# [WORK INSTRUCTIONS]
Look below for the line containing "Webinar: Bone Densitometry" and the line containing "頭頂部や生え際の写真添付", then set down both and every line between them exactly, without pictures.

# [DATA SECTION]
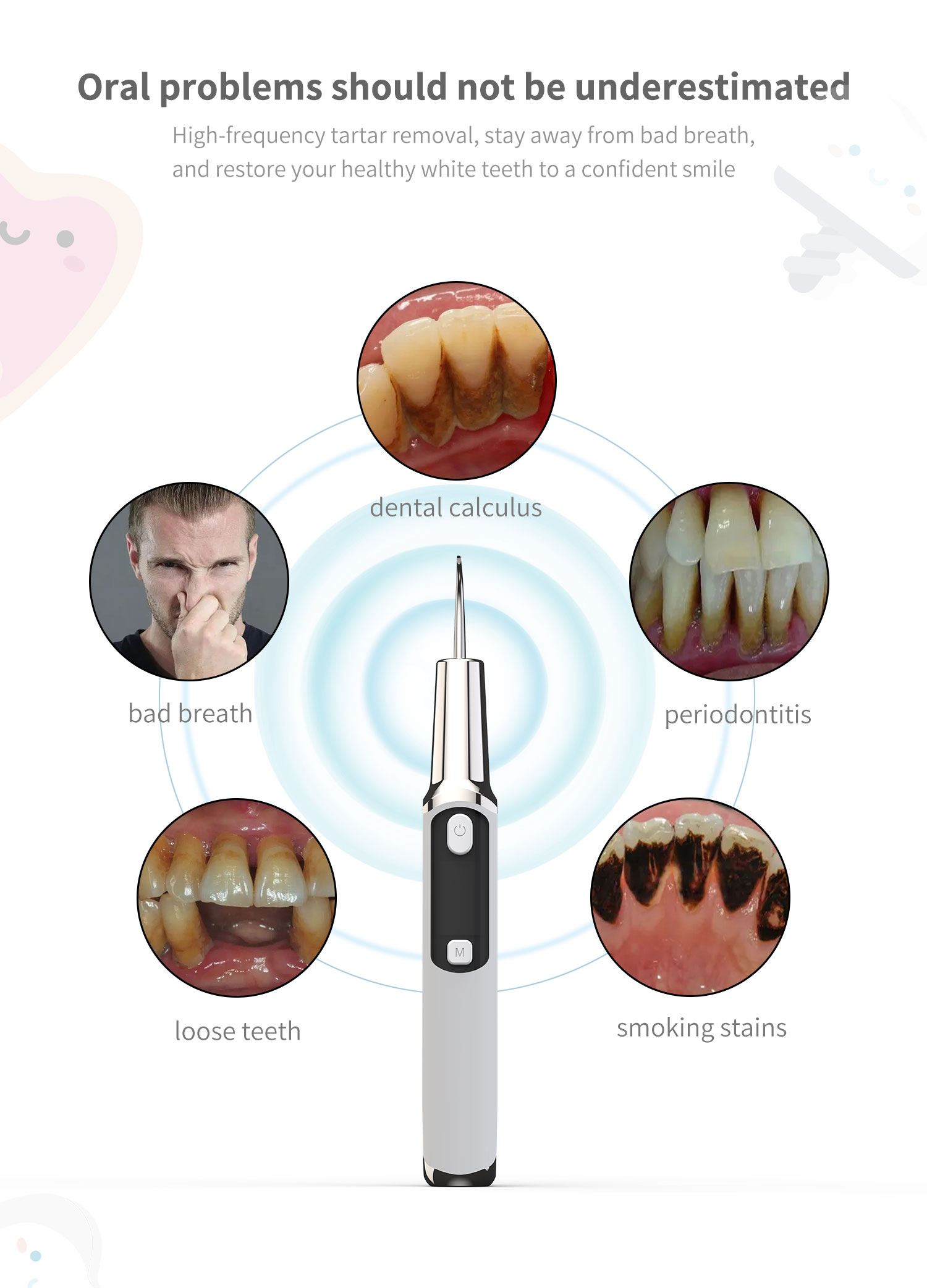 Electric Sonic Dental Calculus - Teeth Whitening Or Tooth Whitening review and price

...

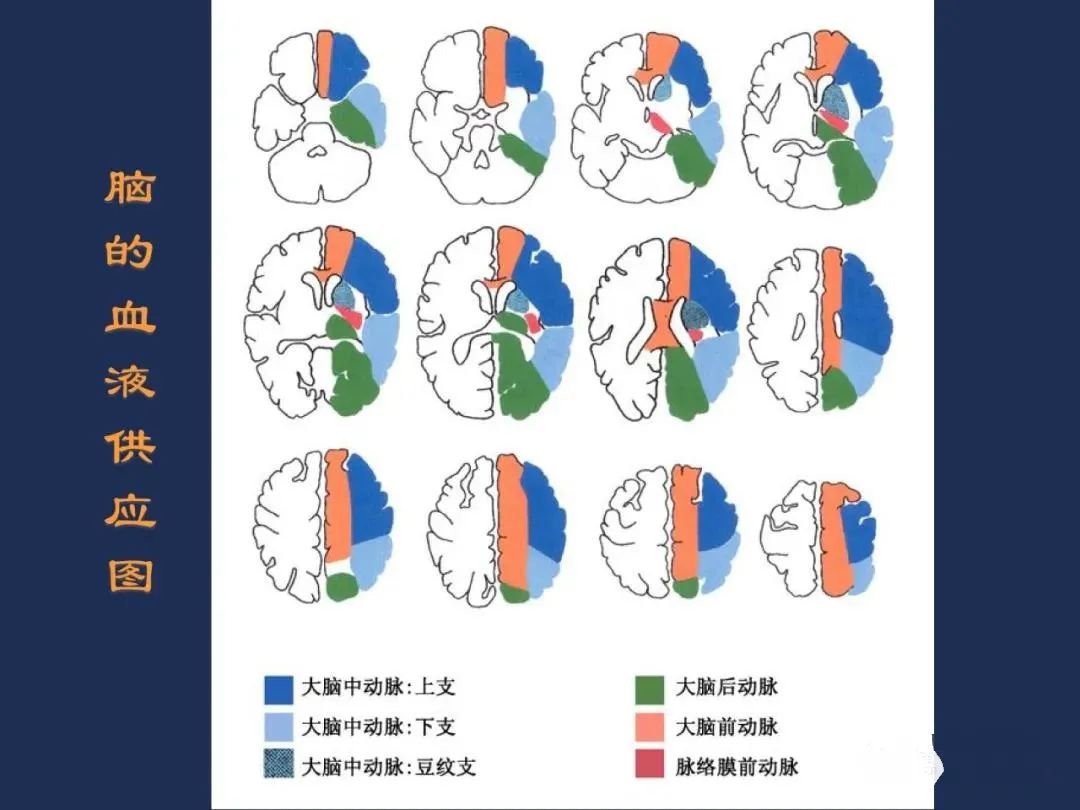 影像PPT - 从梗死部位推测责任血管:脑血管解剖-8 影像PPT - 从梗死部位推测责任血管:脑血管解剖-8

---

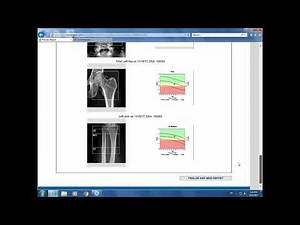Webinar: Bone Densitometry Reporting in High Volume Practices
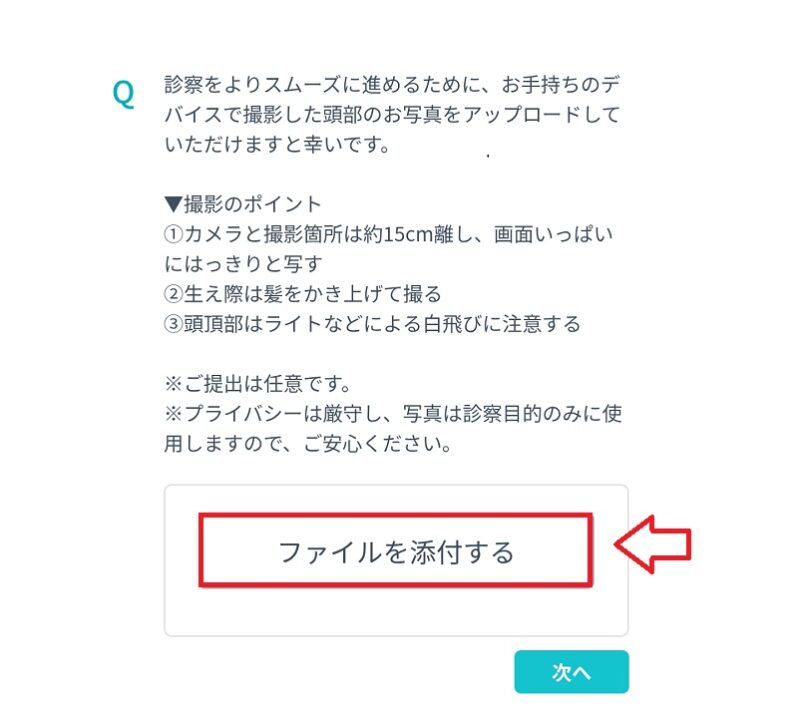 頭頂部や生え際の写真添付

# [ANSWER BOX]
Webinar: Bone Densitometry Reporting in High Volume Practices
 頭頂部や生え際の写真添付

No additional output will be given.